Given data -
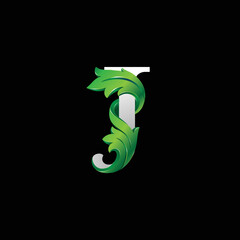 Initial letter J, 3D luxury green leaf overlapping white serif font on black background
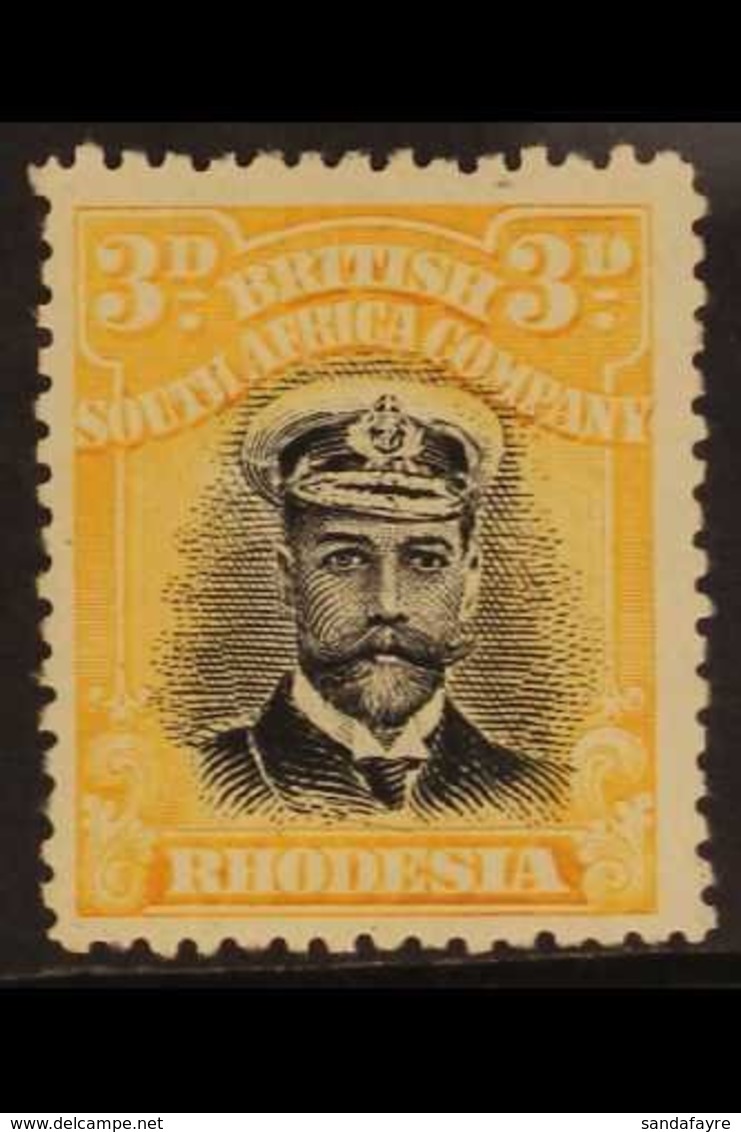 1913-19  3d Black And Yellow Admiral, Die I Perf. 14, SG 210, Fine Mint. For More Images, Please Visit Http://www.sandaf - Other & Unclassified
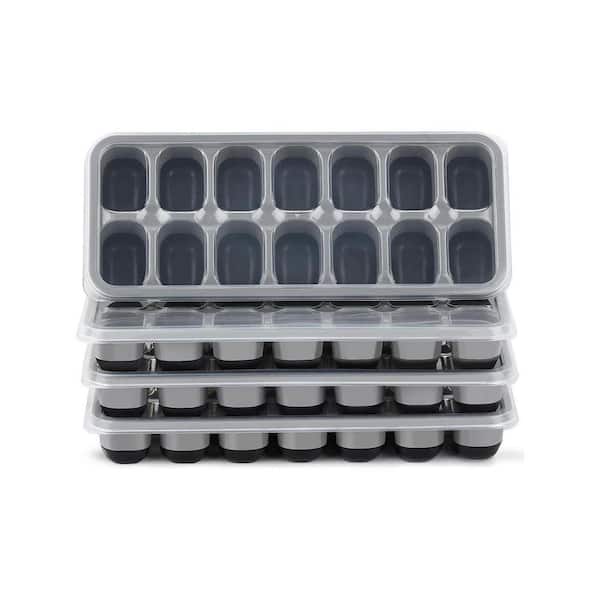 Easy-Release Flexible Silicone Ice Cube Tray Set Blue Square Ice Mold Stackable Freezer Kitchen Tool 4 Pack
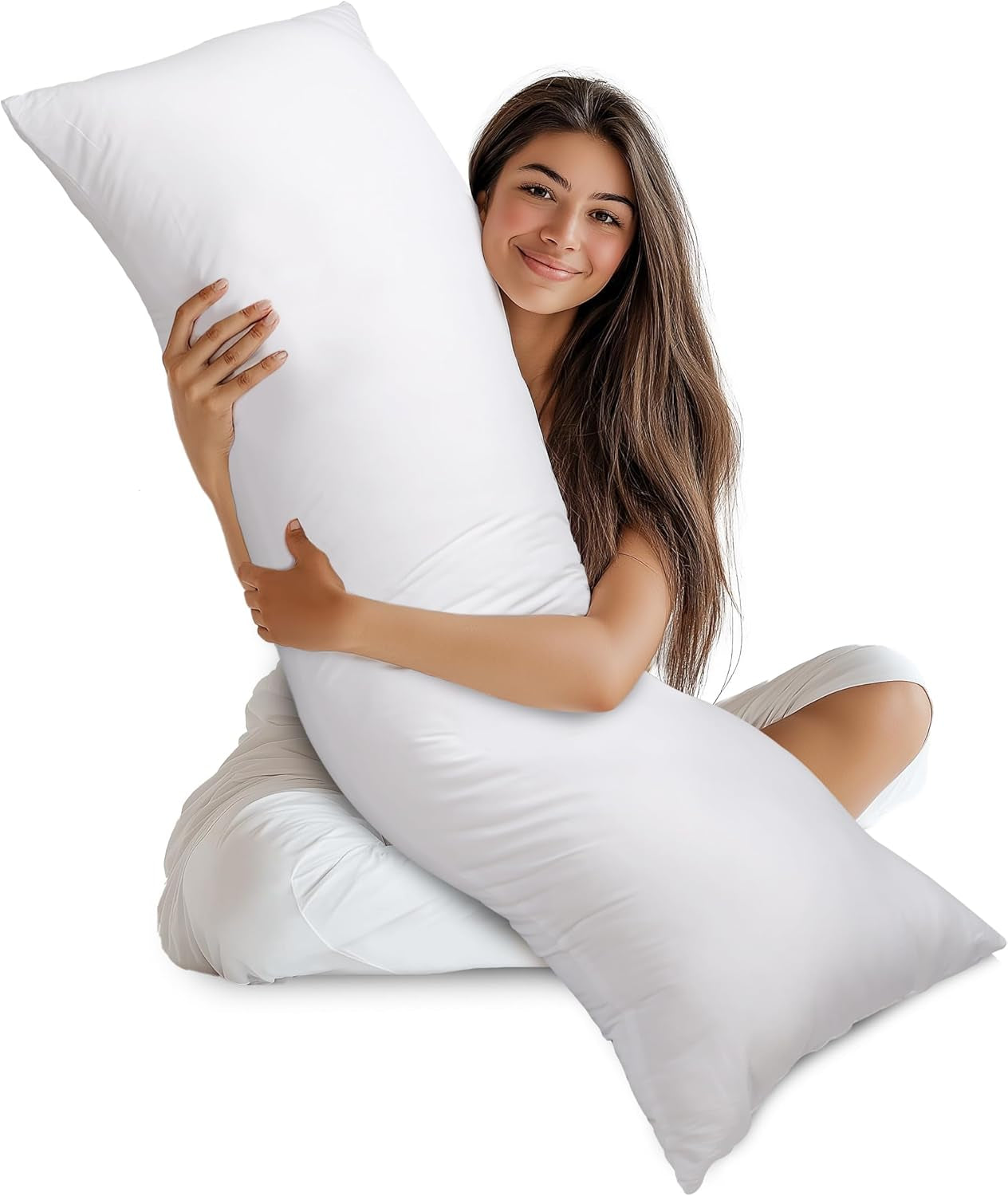 Full Body Pillow for Adults (White, 20 X 54 Inch), Long Pillow Insert for Sleeping, Ideal for Side Sleepers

What you need to do - Give the lines from the one containing "Easy-Release Flexible Silicone" through the last line of the material again, exactly and with no pictures, both ends included.

Result below -
 Easy-Release Flexible Silicone Ice Cube Tray Set Blue Square Ice Mold Stackable Freezer Kitchen Tool 4 Pack
 Full Body Pillow for Adults (White, 20 X 54 Inch), Long Pillow Insert for Sleeping, Ideal for Side Sleepers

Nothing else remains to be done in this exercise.